On March 25, one person had been pulled out of the rubble. Later, the victim, Mexican-American Patricia Borges, stated that she and employees had alerted their supervisor half an hour prior to the eventual explosion, but their pleas fell on deaf ears. When the explosion occurred, she was shaken off a ladder and caught on fire. She prayed to God, asking Him to save her from the fire, while attempting to flee, at which point the floor gave way and she fell into a horizontal vat of liquid chocolate in the factory's basement, which extinguished the flames. She screamed for help as the vat began to fill with water from firefighters' hoses. Crews eventually discovered her after search dogs indicated that there may have been a survivor.

==Responses==
The following morning, state officials disputed the death toll; initial reports said five died, and later two.

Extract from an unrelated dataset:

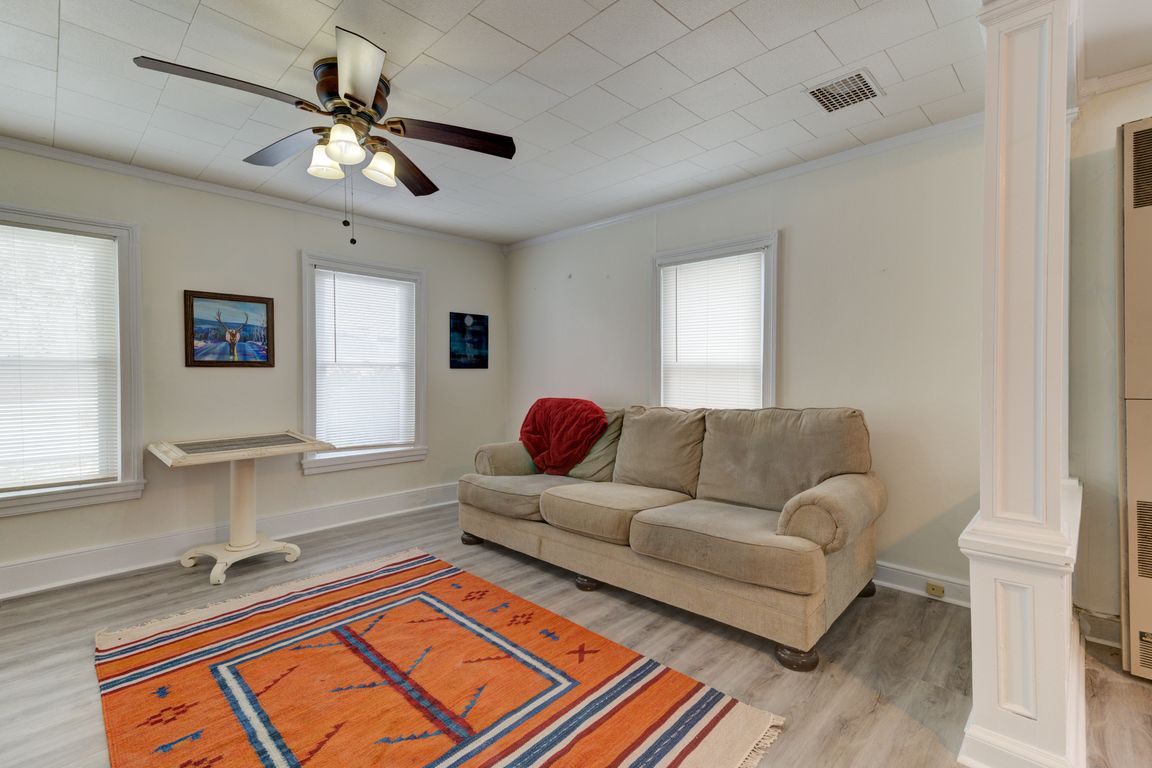 next background image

Police chief Wayne Holben said the explosion was not dangerous to the immediate surrounding area, but police had cleared the scene of people.

===Company===
On the afternoon of March 25, 2023, the R.M. Palmer Company provided the following statement:

"Everyone at RM Palmer is devastated by the tragic events at one of our West Reading facilities and we are focused on supporting our employees and their families. We have lost close friends and colleagues, and our thoughts and prayers are with the families and friends of all who have been impacted. We are sincerely grateful for the extraordinary efforts of all of the first responders and for the support of our Reading community, which has been home to our business for more than 70 years. We will continue to coordinate closely with local and national agencies to assist in the recovery process.

We are anxious to be in touch with all employees and the families of employees who have been impacted, but the company's email, phones, and other communication systems are down, and therefore we are relying currently on first responders and disaster recovery organizations to provide any available information to impacted families. We will be providing additional information and making contact with employees, impacted families, and the community as soon as possible."
— R.M. Palmer Company

The Hershey Company, a leading competitor in the candy industry, also sent a message of support to Palmer:

Our deepest condolences are with the families and loved ones, partners and fellow candy makers at the R.M. Palmer Company. We are heartbroken for them as well as the community of West Reading.

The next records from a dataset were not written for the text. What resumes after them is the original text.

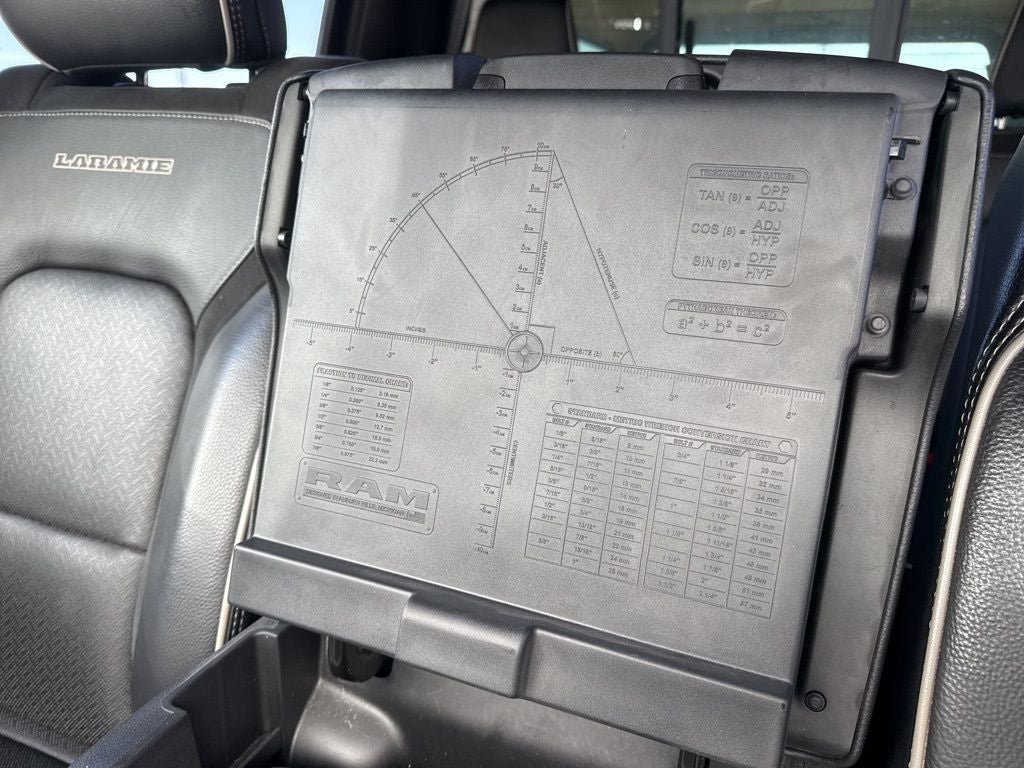 2020 RAM 1500 Laramie Crew Cab 4x4 5'7' Box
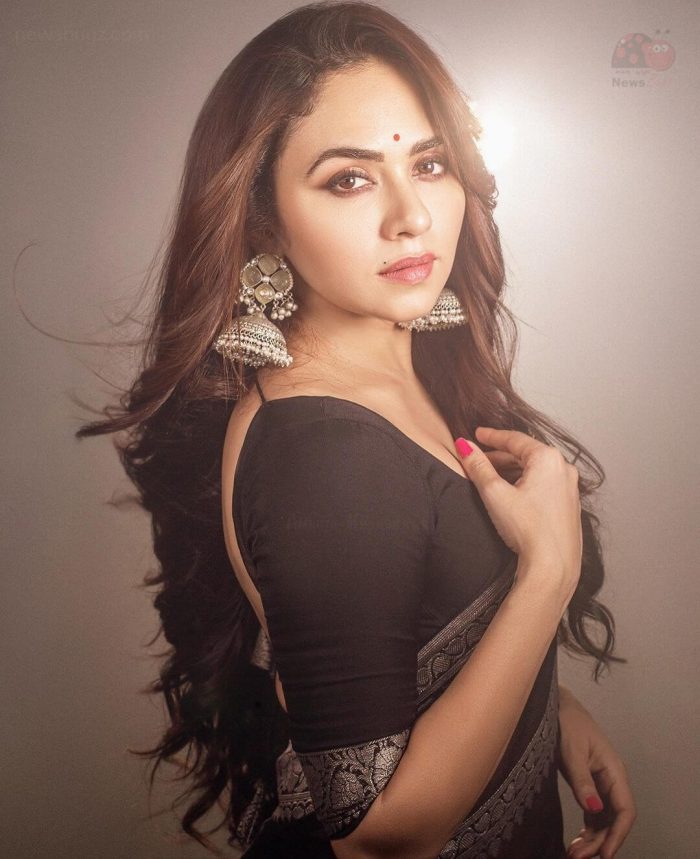 Amruta Khanvilkar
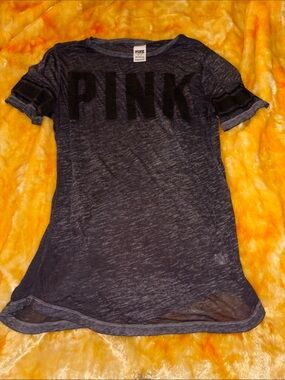 PINK Victoria's Secret Black Short Sleeve Crew Tee tissue material coverup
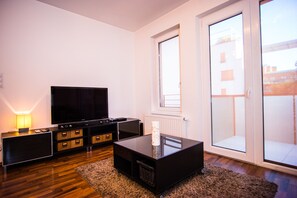 Apartament superior | Sala d'estar | Televisor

Thank you to the first responders and their dedicated work, and know that we are here to offer comfort and support to all.
— The Hershey Company

===Government===
The Berks County government responded by stating that the county was expressing its deepest sympathy, and is committed to supporting the community affected by the disaster. The county also urged the community to rally together and spread support to the surrounding West Reading area.

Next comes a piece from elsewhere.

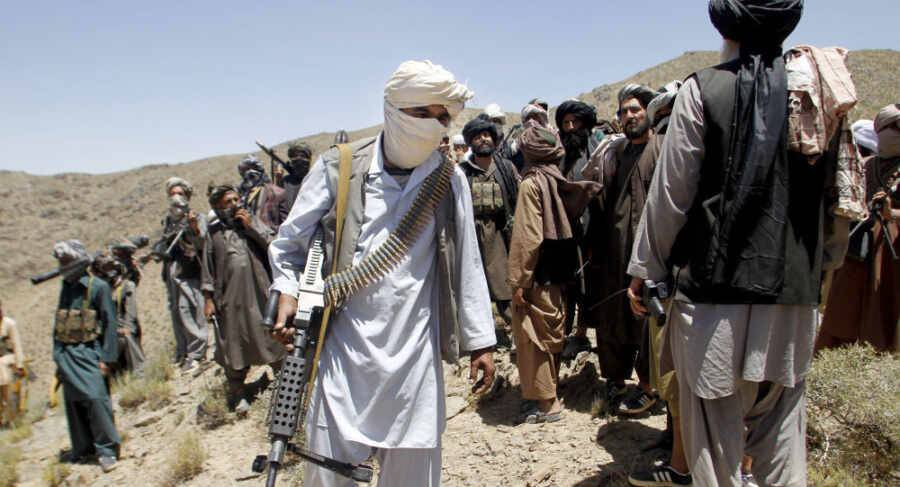 The Guardian: афганские силы безопасности массово бегут из районов, захваченных талибами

Judy Schwank, a Democratic senator from Pennsylvania, representing the state's 11th District, was said to be "deeply devastated" from what occurred, noting "This is an extremely difficult situation", and that it was unlike anything that the county had dealt with in recent memory. She also applauded the community's response, and followed by saying "I will continue to follow the situation and do everything in my power to ensure all state emergency response resources are available."

== Lawsuits ==
On March 27, 2023, a neighbor named Betty Wright filed a lawsuit against R.M. Palmer for criminal negligence and recklessness and seeking for $50,000 due to physical and emotional suffering. She claimed to have suffered cervical, lumbar, hip and leg injuries, as well as wage loss and loss of property.